Quel est le meilleur bien immobilier à choisir pour son premier investissement ?

Pour votre premier investissement, privilégiez un bien immobilier de type T1 ou T2 dans une ville que vous connaissez bien, avec une demande locative forte. La proximité des transports, commerces et écoles est un critère clé. Un studio ou T2 en centre-ville de ville moyenne offre souvent le meilleur ratio rentabilité/tranquillité pour démarrer. Investir dans l’immobilier pour la première fois passe par ce type de choix mesuré.

Combien faut-il d’apport pour votre premier investissement ?

L’apport traditionnel demandé par les banques se situe entre 10 et 20 % du prix du bien. Cependant, votre premier investissement sans apport reste possible en 2026 si votre dossier est solide : revenus stables, absence d’endettement, bien à cash-flow positif. Certaines banques financent encore à 110 % (prix + frais de notaire) sous ces conditions.

Neuf ou ancien pour un premier investissement immobilier ?

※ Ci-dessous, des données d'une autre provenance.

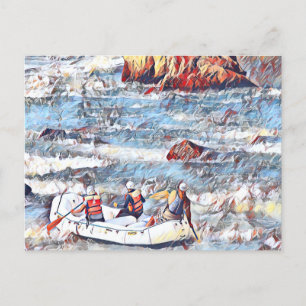 Ocoee River Tennessee Whitewater Raiting Painting Vykort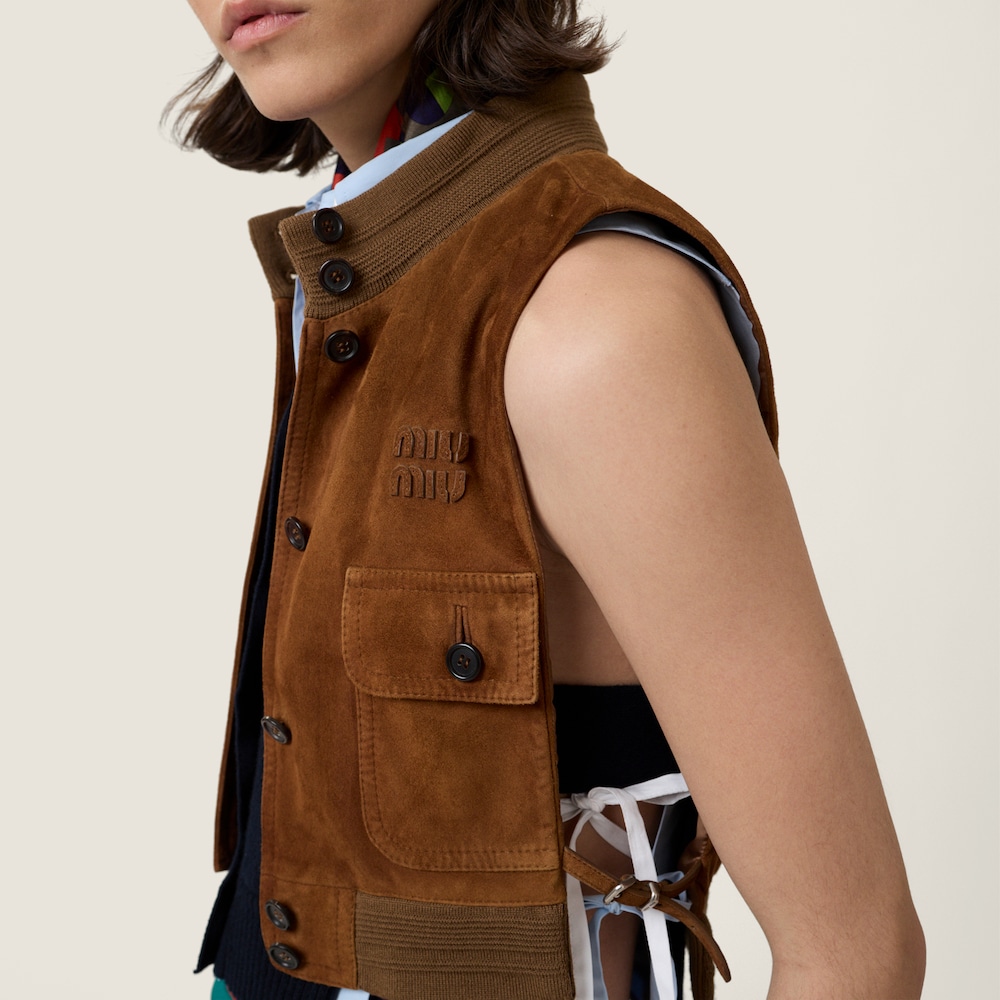 Miu Miu Waxed suede leather vest Cognac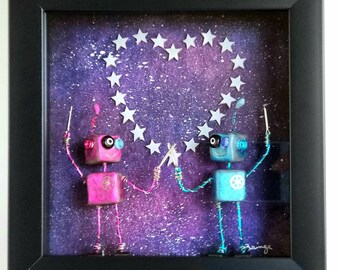 Robot love framed 3D sculpture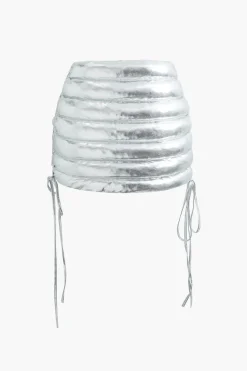 MICAS Skirts-Basic Solid Lace-Up Mini Skirt SILVER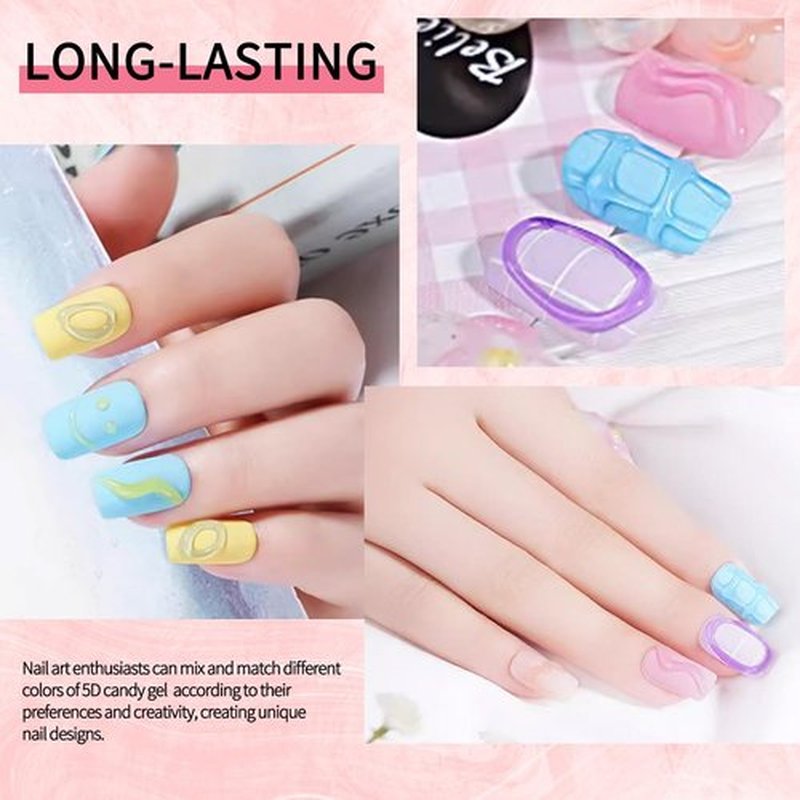 5D Nail Sculpting Gel 3PC-Set, 3D Gel Nail Art & Sculpting Glue for Tips Nail Charms,With Chrome Powder for Drawing, Rhinestone Glue for Nails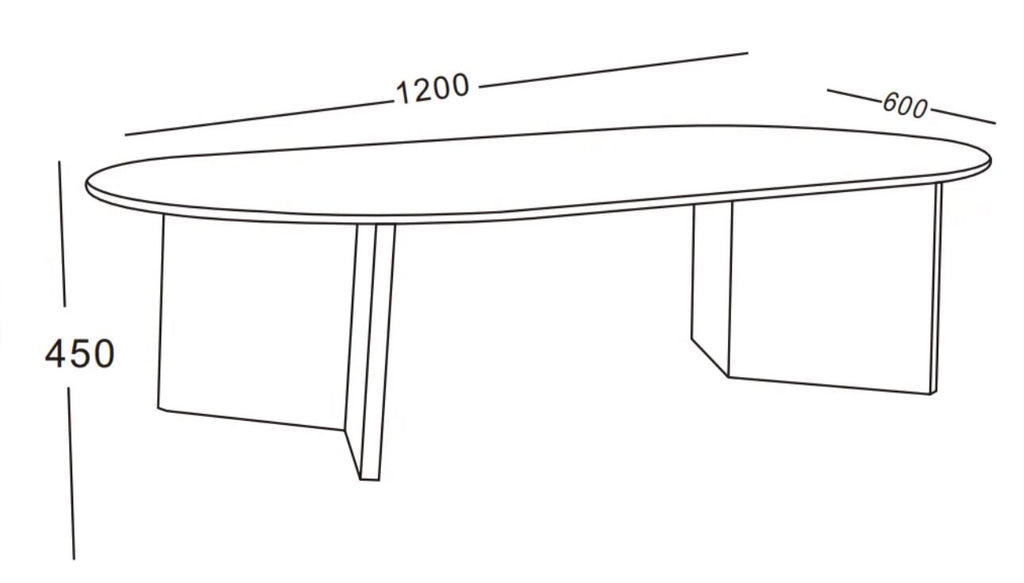 Table Basse PAGE Pied Effet Noyer Plateau Travertin Mat 120x60x45cm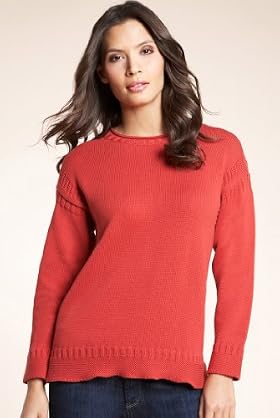 Pure Cotton Round Neck Chunky Knit Jumper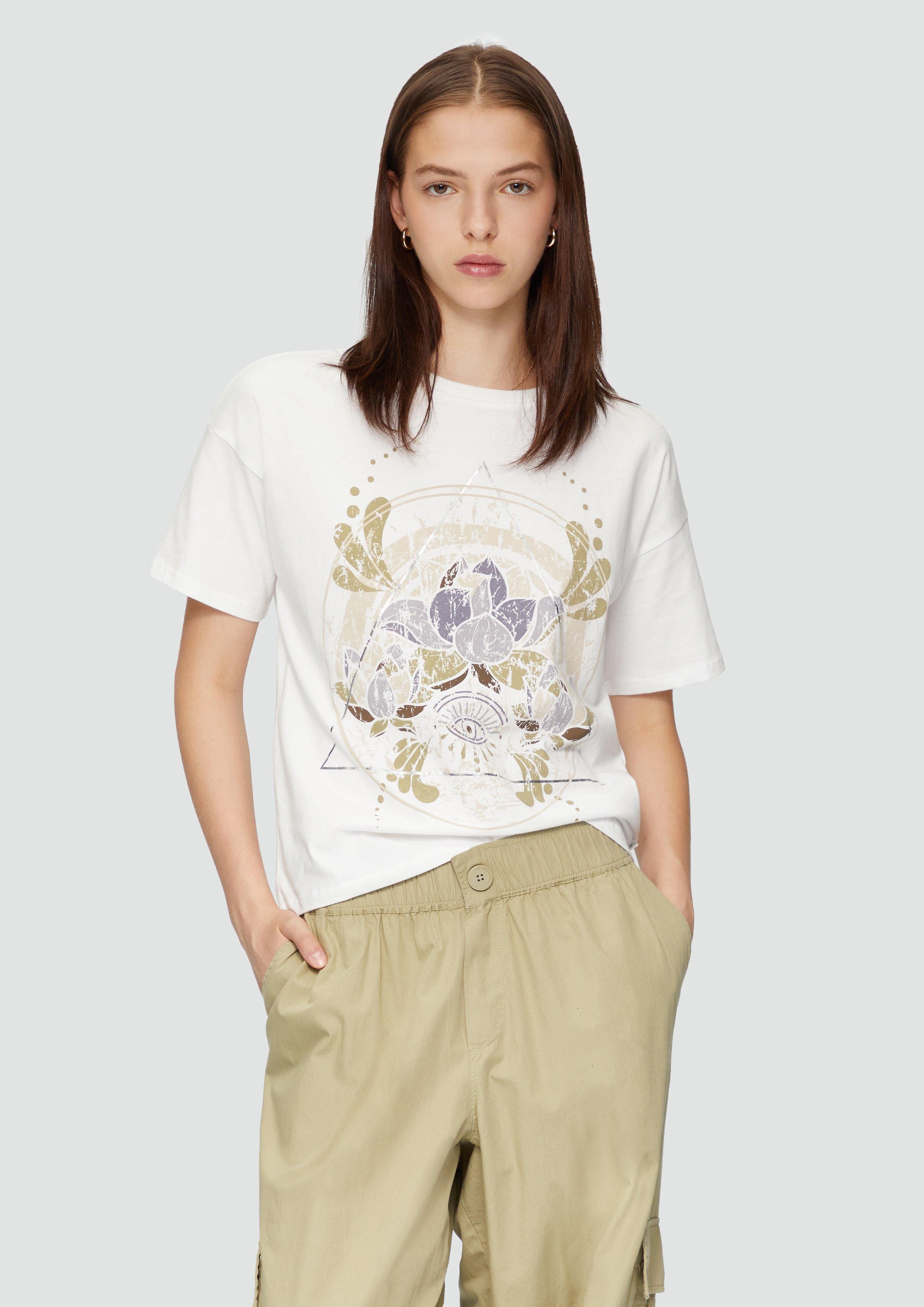 QS Kurzarmshirt Print-T-Shirt mit überschnittenen Schultern günstig online kaufen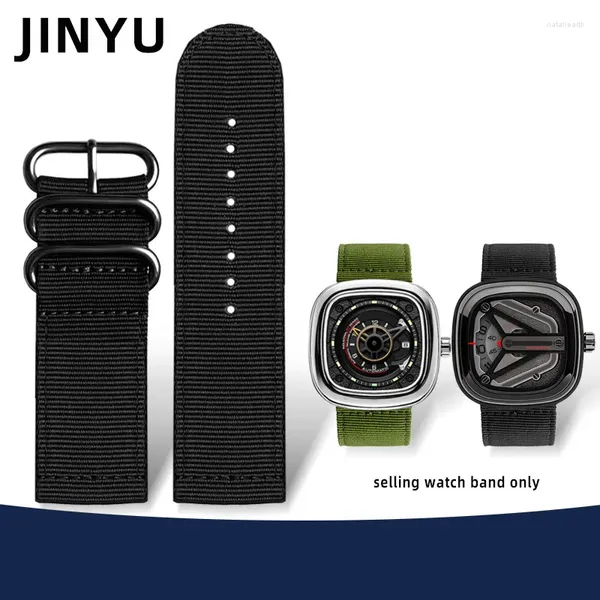 Assista Bandas 26mm 28mm Tamanho Grande Nylon Strap Masculino para Sete na Sexta-Feira M2 / Q201 / 02/03 Banda Exército Verde Acessórios de Pulso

Le choix pour un premier investissement dépend de votre profil. L’ancien offre un meilleur rendement brut (souvent 6-9 %) et permet d’apprendre la négociation et la gestion des travaux. Le neuf offre moins de travaux, des garanties constructeur et un dispositif Denormandie possible, mais un rendement plus faible (3-5 %) et un prix au m² plus élevé. Un bien immobilier neuf ou ancien peut convenir — l’ancien reste plus formateur pour un premier achat.

Comment réussir son premier investissement locatif quand on n’a jamais investi ?

Quel immobilier choisir pour son premier ? Voici six règles pour un investissement locatif réussi : (1) investir dans une ville que vous connaissez, (2) définir votre clientèle cible avant de chercher, (3) visiter minimum 15 biens avant de faire une offre, (4) calculer précisément la rentabilité de votre investissement immobilier (cash-flow, rendement net après impôts), (5) anticiper le budget travaux avec 20-30 % de marge, (6) passer à l’action à 80 % de certitude. Ces clés pour réussir votre premier investissement sont validées par des milliers d’investisseurs.

Quel projet locatif pour bien démarrer : location nue, meublée ou saisonnière ?

Pour un premier investissement, le meublé offre le meilleur compromis pour l’investisseur débutant en 2026 : rentabilité supérieure de 20-30 % à le bail nu, cadre fiscal LMNP très avantageux, gestion accessible. La location saisonnière offre le meilleur rendement mais demande plus de temps et est plus encadrée depuis la Loi Le Meur. La location nue reste la plus simple mais offre la rentabilité la moins intéressante. Adaptez le mode d’exploitation à votre disponibilité personnelle.

Comment financer un premier investissement locatif en 2026 ?

Pour obtenir un crédit immobilier sur un premier investissement locatif en 2026, préparez un dossier solide : 3 derniers bulletins de salaire, 3 derniers relevés de compte, avis d’imposition, présentation détaillée du projet locatif (prix, travaux, loyers attendus). Les banques regardent votre taux d’endettement (35 % max), votre reste à vivre et la qualité du projet. Un projet à cash-flow positif rassure la banque. Les banques regardent aussi vos revenus, les charges liées à votre investissement (mensualité, taxe foncière, charges de copropriété) et la solidité de vos locataires potentiels. Comptez 6-8 semaines entre le dépôt de dossier et l’accord définitif.